12

I'm looking for help getting Mathematica code to construct diagrammatic expressions like the following, obtained by River Li as a way to compute $\operatorname{Tr}(A^2 (A^T)^2)$ for $d\times d$ matrix $A$ with IID Gaussian entries.

enter image description here

The clearest explanation of such diagrams is given in Terry Tao's RMT book, Section 2.3.4.

He describes diagrammatic procedure for computing $E\operatorname{Tr}A^4$: enter image description here enter image description here

Which gives 4 different diagram types, that can be visualized method like above.

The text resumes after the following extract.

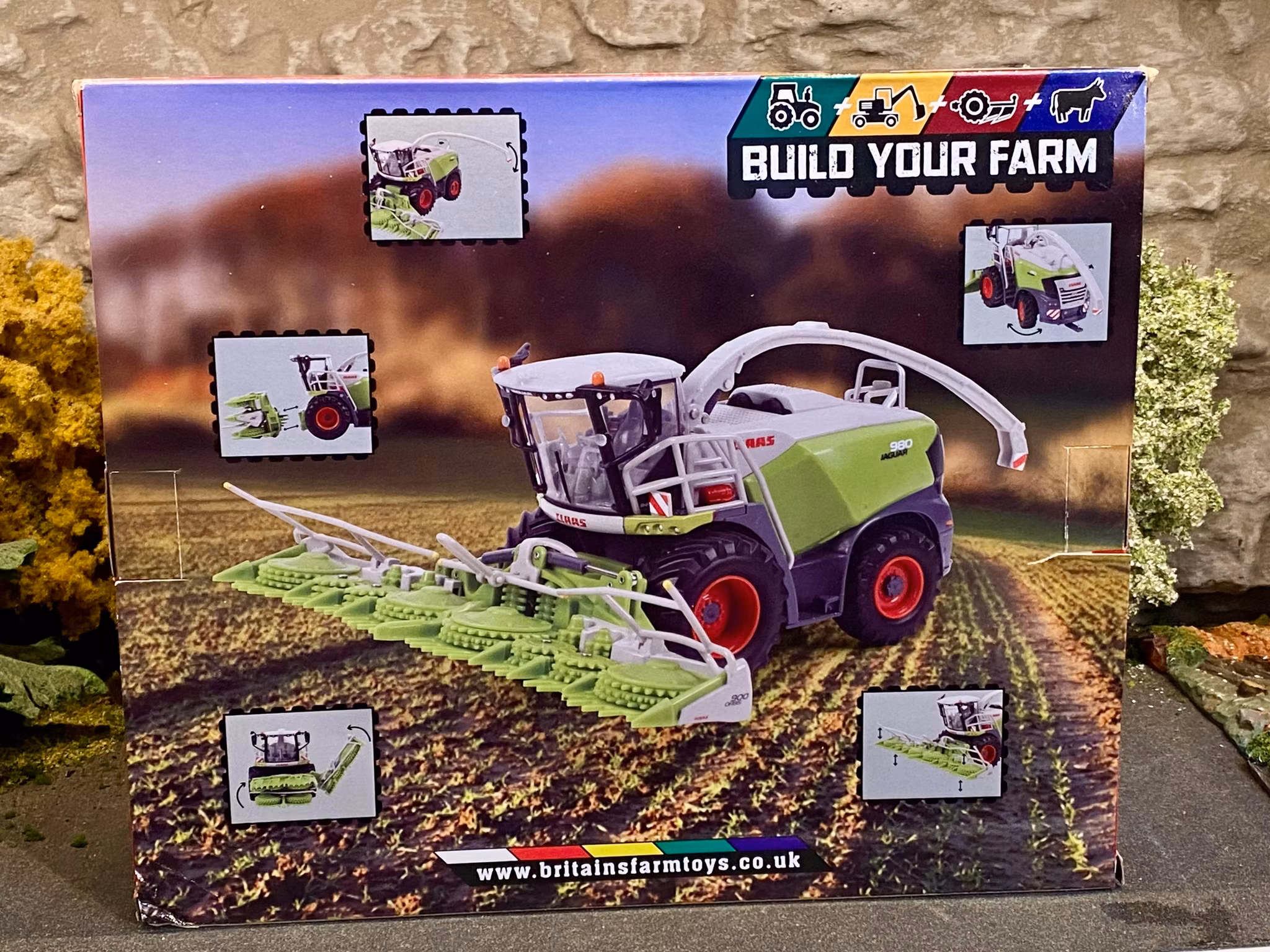 Skala 1/32 Claas Jaguar 980 - ORBIS 900 fr Britains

I'd like a method which takes an expression like $E \operatorname{Tr}(AAAA'A'A')$ where $A$ is a $d\times d$ matrix with IID standard normal entries, and generates a table of corresponding diagrams, like this, hand-derived by River Li.

Background

For the last 4 years I've been slowly organizing Mathematica-related code that helps explain Gaussian expectations (starting with 2020 post cumulants vis , also post on wicks brackets, partition lattice). I'm estimating I'm about halfway done to a nice Wolfram Community post on combinatorics of random matrices.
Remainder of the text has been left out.